One of America’s most prominent producers of single malt whiskey has filed for bankruptcy. Westward Whiskey filed for Chapter 11 bankruptcy with the hope to restructure their business in the face of “significant liquidity challenges.”
Founder and CEO Thomas Mooney voluntarily submitted the voluntary petition under subchapter V of the bankruptcy code in the US Bankruptcy Court for the District of Delaware. This particular subchapter is used for small businesses and generally allows them to negotiate a reorganisation, retain control of their business and oversee the whole process.
Westward was founded in 2004 in Portland, Oregon, and gained a reputation as one of the premier names in the growing American single malt whiskey scene.

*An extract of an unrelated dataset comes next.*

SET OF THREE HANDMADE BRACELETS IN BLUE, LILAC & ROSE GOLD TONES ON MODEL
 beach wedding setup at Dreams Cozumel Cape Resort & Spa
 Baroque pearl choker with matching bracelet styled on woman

Despite the brand’s popularity, however, Westward have struggled with overproduction and decreased demand in recent years. Their Chapter 11 filing cited “significant liquidity challenges”, namely a “general decline and softening of demand for alcohol and spirits products post-Covid, especially over the past two years.”
Reduced demand has been made worse by an “overproduction of whiskeys” caused by the distillery “investing heavily in production capacity, hiring, and renting a large warehouse.” As such, the group are sitting on a large volume of unsold stock.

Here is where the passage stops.